Date: Fri, 15 May 2009 16:59:40 -0400
User-agent: Thunderbird 2.0.0.21 (Windows/20090302)

Joerg Schilling wrote:
There is no difference between static and dynamic linking.

Of course there is. In the case of static linking, the resulting
file is a collective work containing components whose copyrights
are held by multiple owners. In order to copy such a collective
work, permission from each of the copyright holders is required.

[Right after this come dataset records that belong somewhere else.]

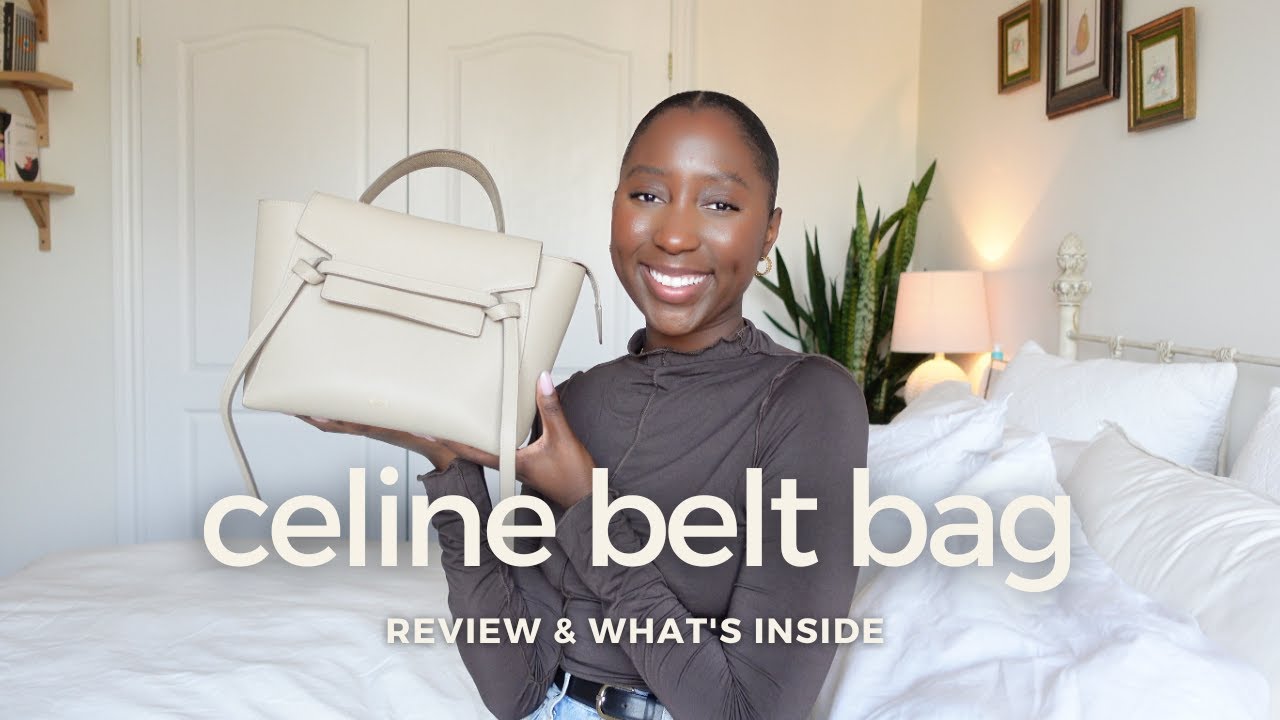 Celine Micro Belt Bag Review | What Fits Inside / Work Bag?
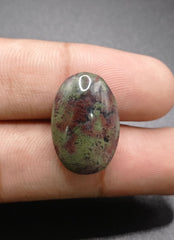 19ct Moss Agate - Green Moss Agate - 23x15.5x7mm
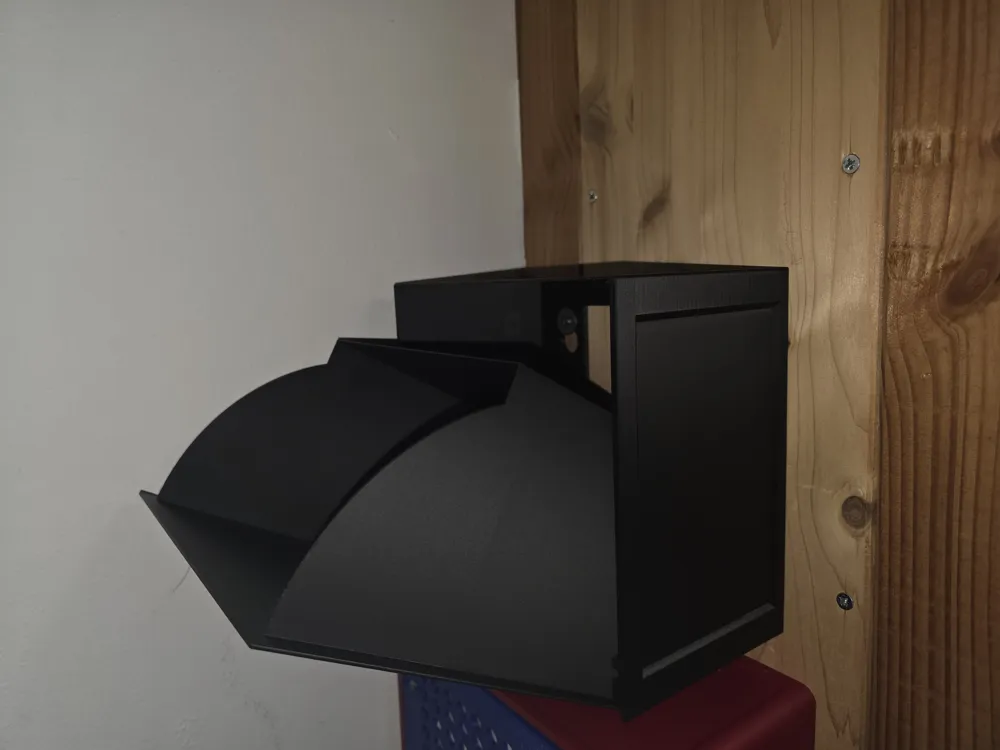 Big tilt box - Wall mount - Screws or HSW - Free 3D Print Model ...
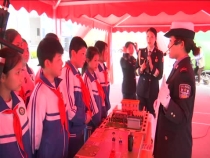 渭南交警美丽乡村行交通安全体验营——乡村道路安全行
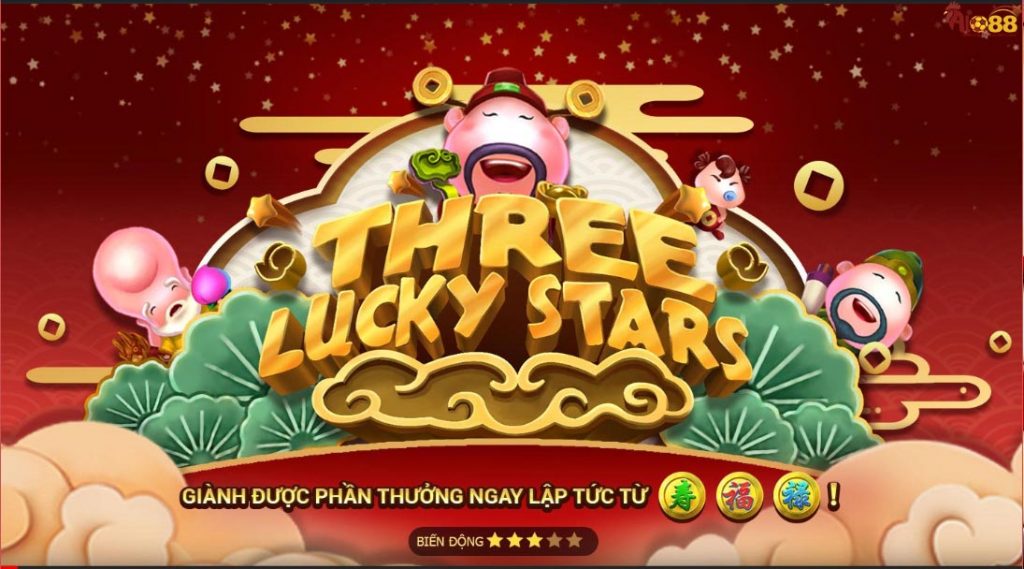 Three Lucky Stars - Game mới từ bong88 tiền thưởng lớn 5 Jacks or Better 2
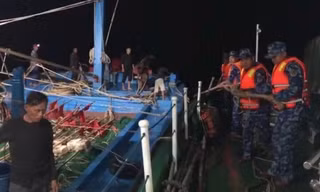 Tàu cá gặp nạn trên biển, 1 thuyền viên tử vong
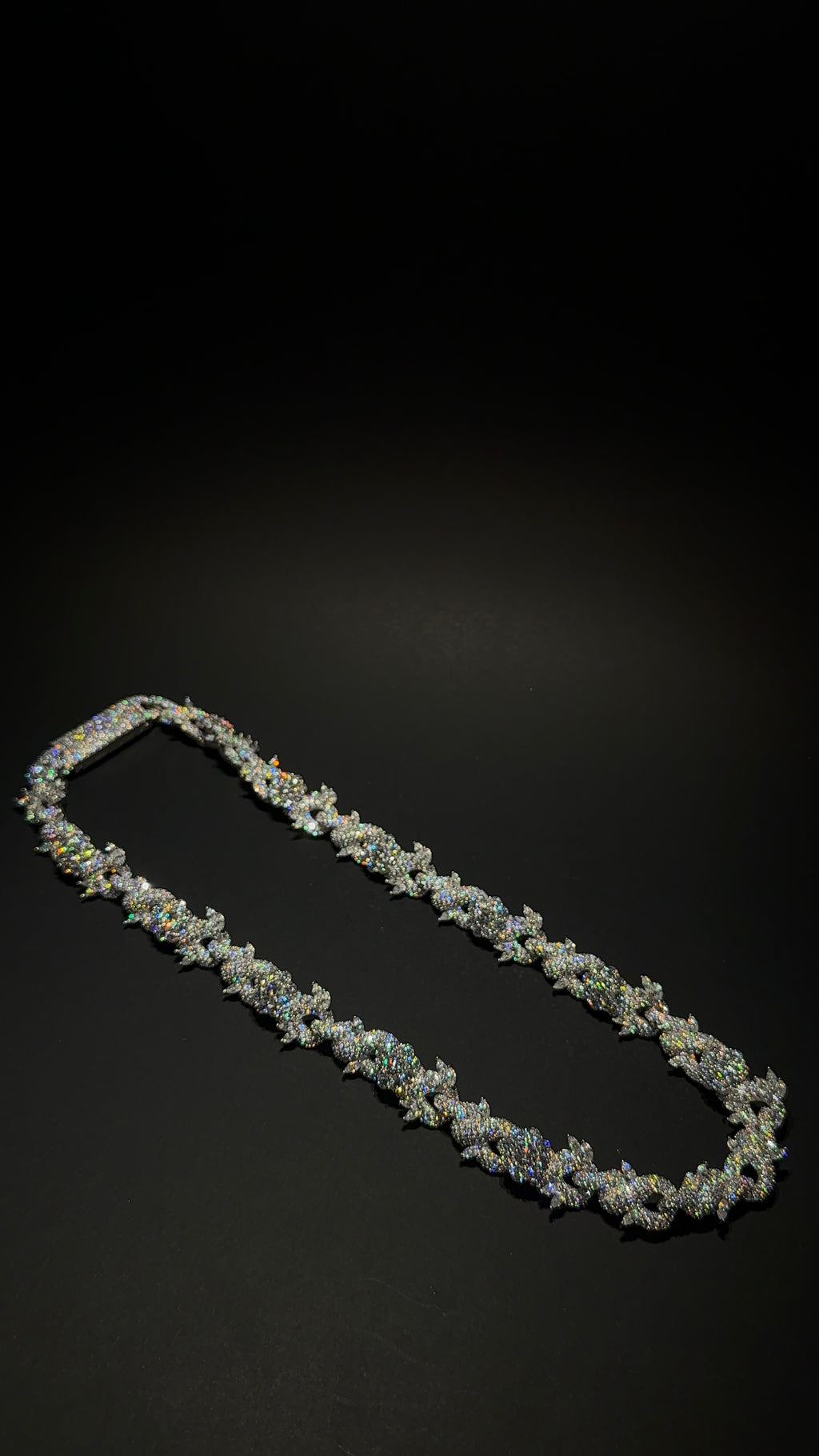 Infinity Flower Link Chain 15MM 22 Inch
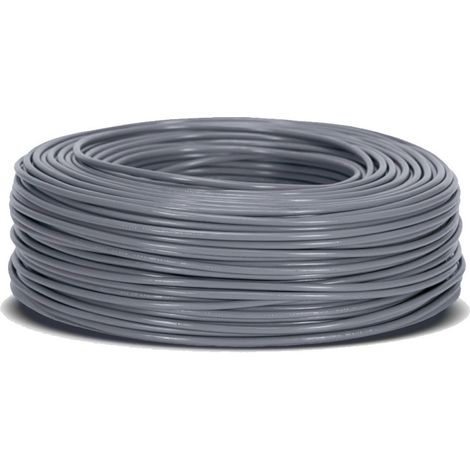 1,5 mm² graues Elektrokabel, 200 m Flexibles PVC-Kabel Beleuchtungskabel (1/5)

even a dynamically linked binary contains parts from glibc

If the process of translating a program causes the result to
contain copies of significant portions of a copyrighted work,
that result is a collective work and permission to copy it
must be acquired from all the copyright holders. Typically a
dynamically linked executable would not contain such copies,
but if you assert that Linux is different in this respect, I
have no reason to disagree with you.

The idea that there is a difference comes from the incorrect
> assumption that you need to put a binary compiled from GPL
> sources under GPL too.

No, this is a correct assumption. A binary compiled from GPLed
source has the same copyright as the source - it is the same
program, because there is a single copyright in a computer program
for both the source and binary.

<http://ipmall.info/hosted_resources/CopyrightCompendium/chapter_0300.asp>
    321.03 Relationship between source code and object code.
    The Copyright Office considers source code and object code
    as two representations of the same computer program. For
    registration purposes, the claim is in the computer program
    rather than in any particular representation of the program.
    Thus separate registrations are not appropriate for the source
    code and object code representations of the same computer program.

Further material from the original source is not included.